Par ordonnance de référé du 10 novembre 2023, le juge des référés du tribunal judiciaire de Nice a ordonné une expertise confiée au docteur [G] [M] afin d’examiner la victime et d’évaluer le préjudice corporel de Monsieur [L] [R] et a condamné la Matmut à une provision de 20000 euros à valoir sur l’indemnisation de son préjudice corporel.
Dans son pré-rapport d’expertise en date du 11 juillet 2024, l’expert a considéré que l’état de santé de la victime n’était pas consolidé.
Exposant que son état est désormais consolidé, Monsieur [L] [R] a fait assigner, par actes de commissaire de justice en date du 30 octobre 2024, la Matmut au contradictoire de la Caisse primaire d’assurance maladie (Cpam) des Alpes-Maritimes, afin de voir ordonner, en application de l’article 145 du code de procédure civile, une nouvelle expertise médicale confiée au docteur [G] [M] et de voir condamner la Matmut, au visa de l’article 835 du même code et de la loi du 5 juillet 1985, au paiement de la somme de 30 000 euros à titre de provision à valoir sur son préjudice patrimonial et extra patrimonial et d’une indemnité de 1500 euros au titre de l’article 700 du code de procédure civile, outre les entiers dépens.
Dans ses conclusions déposées à l’audience du 5 décembre 2024 et visées par le greffe, la Matmut demande au juge des référés de désigner à nouveau le docteur [M] avec une mission dont elle précise les termes et de déclarer satisfactoire l’offre d’indemnité provisionnelle à hauteur de 30 000 euros, somme à laquelle il convient de déduire la somme de 20 000 euros déjà versée.

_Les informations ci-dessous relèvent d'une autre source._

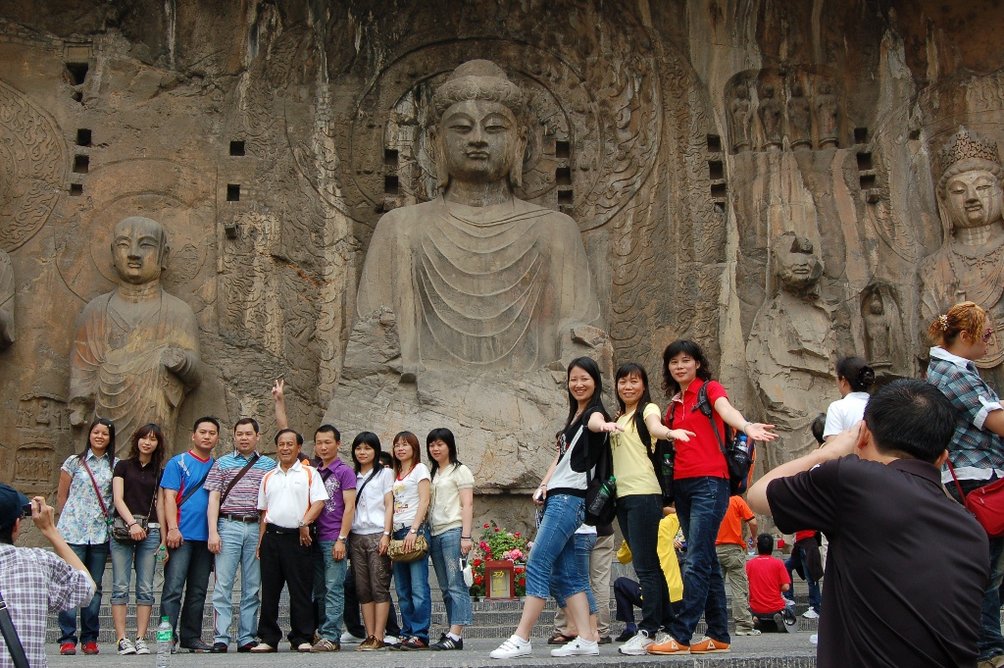 Asien mit Kindern - Buddha Statue in China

Enfin, elle sollicite le rejet de la demande fondée sur l’article 700 du code de procédure civile.
La Cpam des Alpes-Maritimes bien que régulièrement citée par acte remis à une personne se disant habilitée à le recevoir, n’a pas comparu ni personne pour elle de sorte que la présente décision susceptible d’appel, sera réputée contradictoire.
MOTIFS
Sur la demande d’expertise :
Aux termes de l’article 145 du code de procédure civile, s’il existe un motif légitime d’établir avant tout procès la preuve de faits dont pourrait dépendre la solution d’un litige, les mesures d’instruction légalement admissibles peuvent être ordonnées à la demande de tout intéressé en référé.
En l’espèce, l’expert judiciaire a indiqué en page 15 de son pré-rapport que l’état de santé de Monsieur [L] [R] devait être réévalué par une nouvelle expertise au mois de mars 2025.
Dès lors, Monsieur [L] [R] justifie d’un motif légitime à l’instauration de la nouvelle expertise par le docteur [G] [M], qu’il sollicite.
Il convient de faire droit à sa demande d’expertise, à ses frais avancés.
La mission de l’expert et les modalités de l’expertise seront précisées dans le dispositif de la présente ordonnance.
Sur la demande de provision :
L’article 835 alinéa 2 du code de procédure civile prévoit que dans les cas où l’existence de l’obligation n’est pas sérieusement contestable, le juge des référés peut accorder une provision au créancier ou ordonner l’exécution de l’obligation même s’il s’agit d’une obligation de faire.
En l’espèce, le droit à indemnisation de la victime, deux-roues, n’est ni contesté ni d’ailleurs sérieusement contestable au regard des circonstances de l’accident impliquant un véhicule terrestre à moteur et des dispositions de l’article 3 de la loi du 5 juillet 1985.
Il ressort de l’ensemble des éléments médicaux versés que l’état de Monsieur [L] [R] a évolué depuis le rapport d’expertise du 18 juin 2020 et est consolidé depuis janvier 2021.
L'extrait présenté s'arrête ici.